* RECORDS PROVIDED

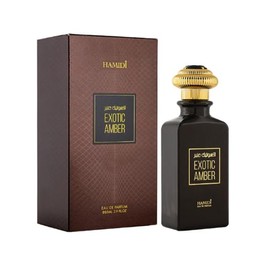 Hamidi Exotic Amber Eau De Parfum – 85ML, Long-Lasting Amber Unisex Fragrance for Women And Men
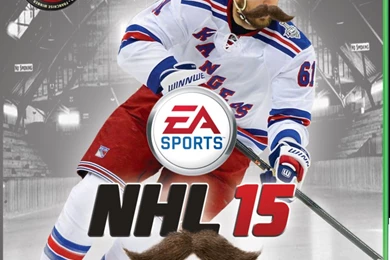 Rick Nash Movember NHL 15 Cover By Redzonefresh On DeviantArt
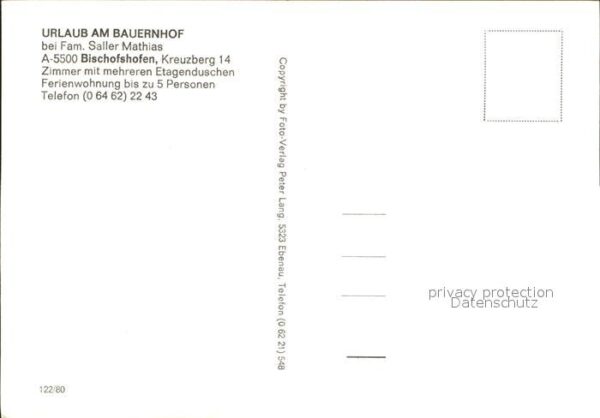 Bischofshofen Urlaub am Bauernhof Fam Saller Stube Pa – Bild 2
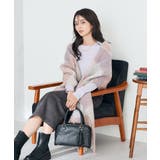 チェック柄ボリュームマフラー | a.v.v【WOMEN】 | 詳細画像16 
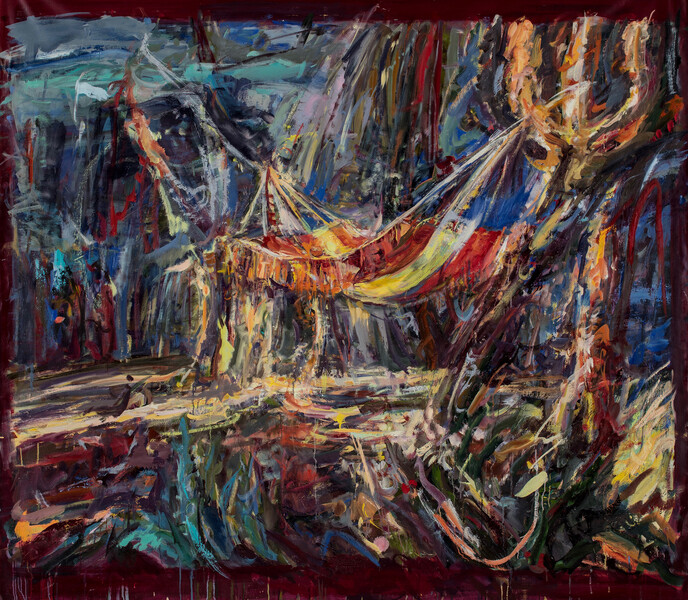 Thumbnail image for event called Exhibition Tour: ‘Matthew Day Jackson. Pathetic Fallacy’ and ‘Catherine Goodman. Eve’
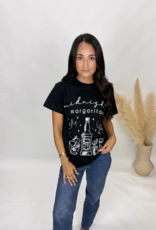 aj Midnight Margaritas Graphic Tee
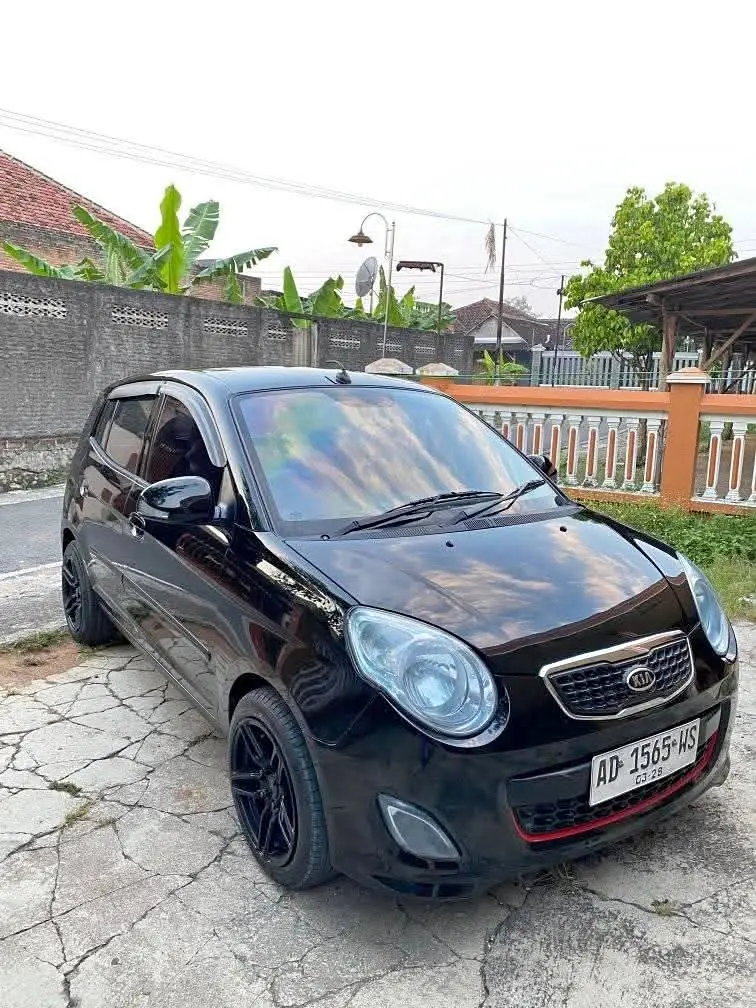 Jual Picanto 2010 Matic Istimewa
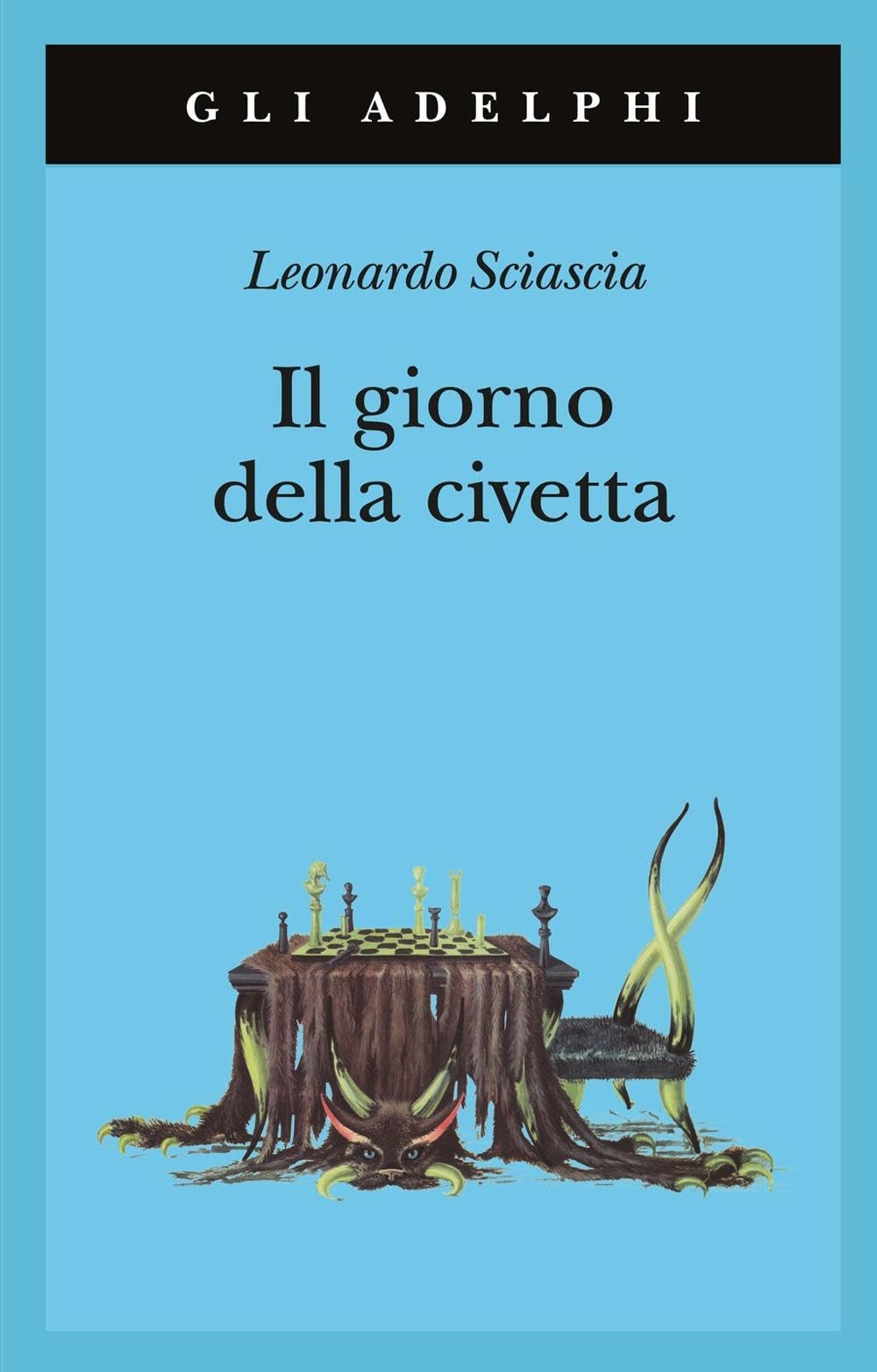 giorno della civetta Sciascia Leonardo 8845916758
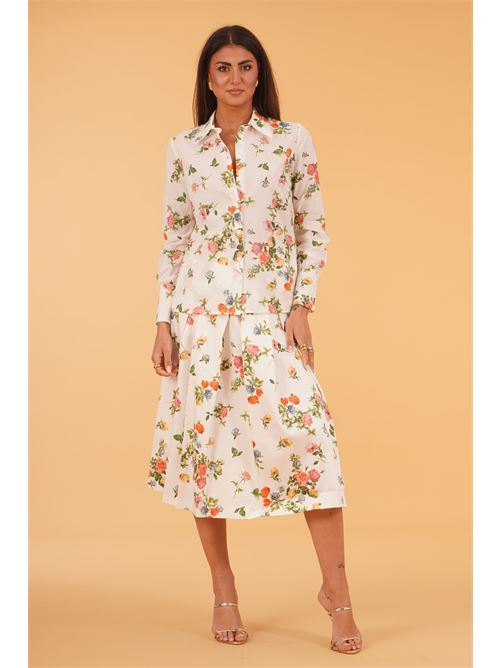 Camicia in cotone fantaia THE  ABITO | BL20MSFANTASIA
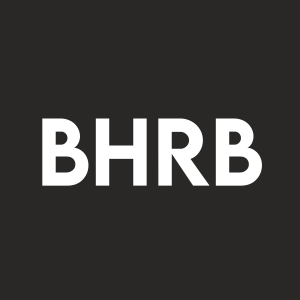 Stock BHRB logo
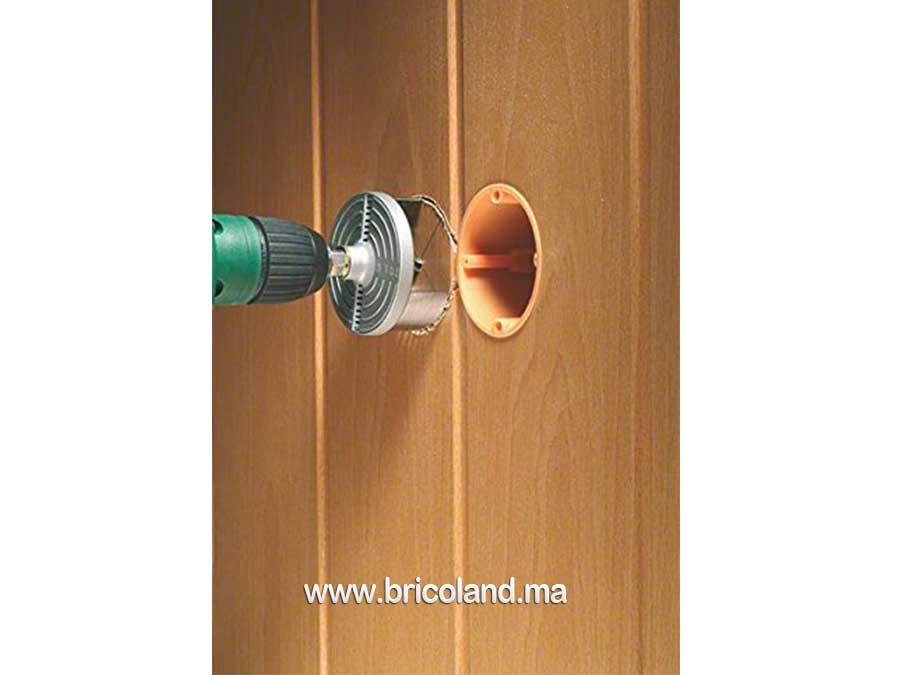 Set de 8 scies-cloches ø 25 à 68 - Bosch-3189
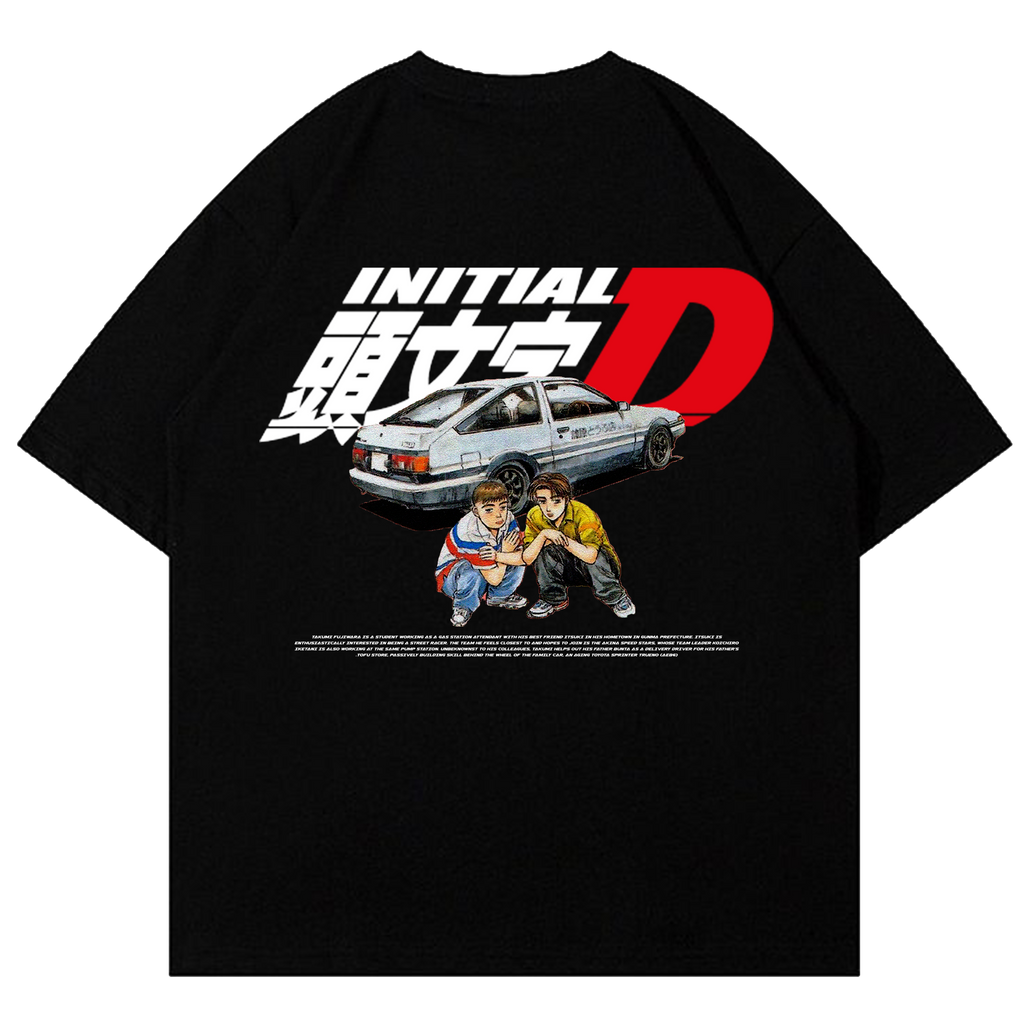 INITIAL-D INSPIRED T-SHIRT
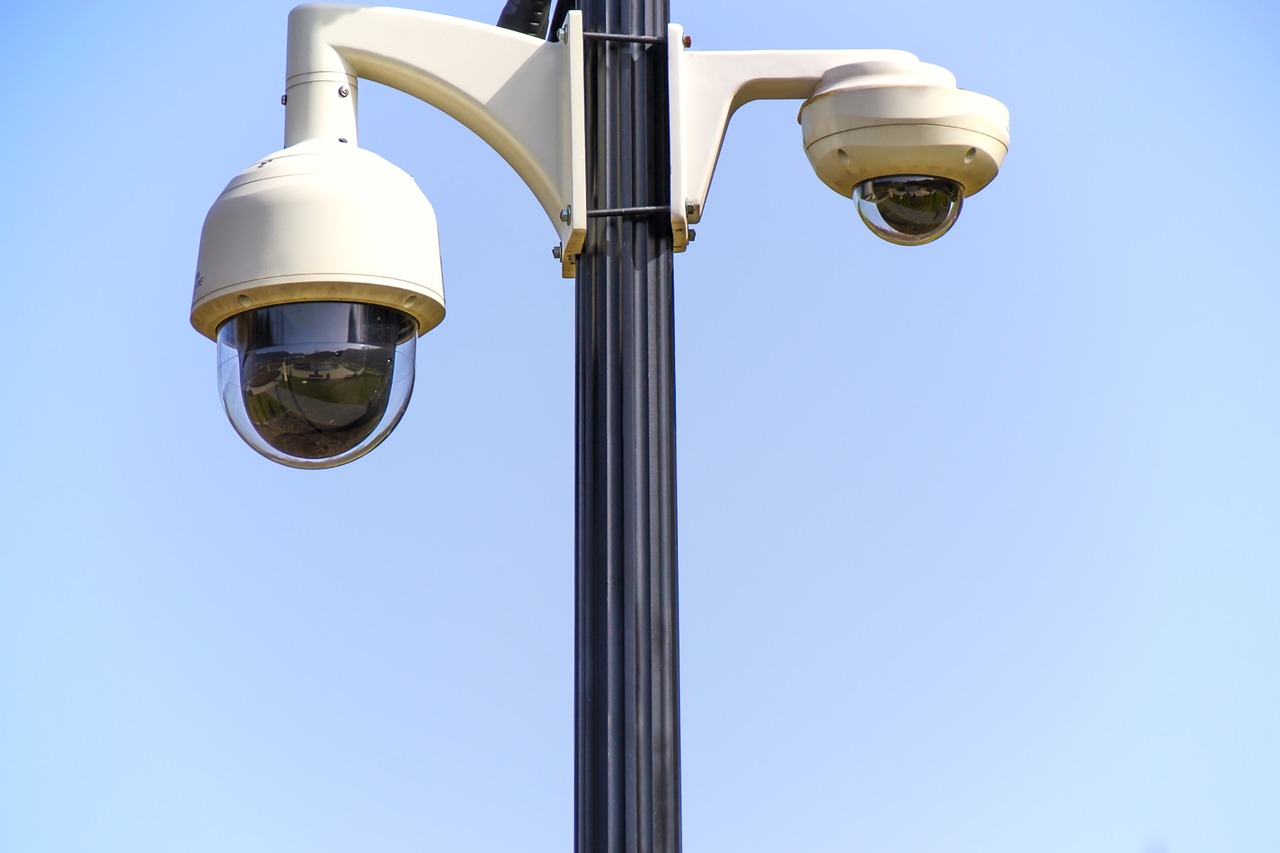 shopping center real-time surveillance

* AIM OF THE TASK
Write the lines out exactly, beginning at the line that holds "Rick Nash Movember" and stopping after the last line of the entries; include no pictures.

* EXERCISE SOLUTION
 Rick Nash Movember NHL 15 Cover By Redzonefresh On DeviantArt
 Bischofshofen Urlaub am Bauernhof Fam Saller Stube Pa – Bild 2
 チェック柄ボリュームマフラー | a.v.v【WOMEN】 | 詳細画像16 
 Thumbnail image for event called Exhibition Tour: ‘Matthew Day Jackson. Pathetic Fallacy’ and ‘Catherine Goodman. Eve’
 aj Midnight Margaritas Graphic Tee
 Jual Picanto 2010 Matic Istimewa
 giorno della civetta Sciascia Leonardo 8845916758
 Camicia in cotone fantaia THE  ABITO | BL20MSFANTASIA
 Stock BHRB logo
 Set de 8 scies-cloches ø 25 à 68 - Bosch-3189
 INITIAL-D INSPIRED T-SHIRT
 shopping center real-time surveillance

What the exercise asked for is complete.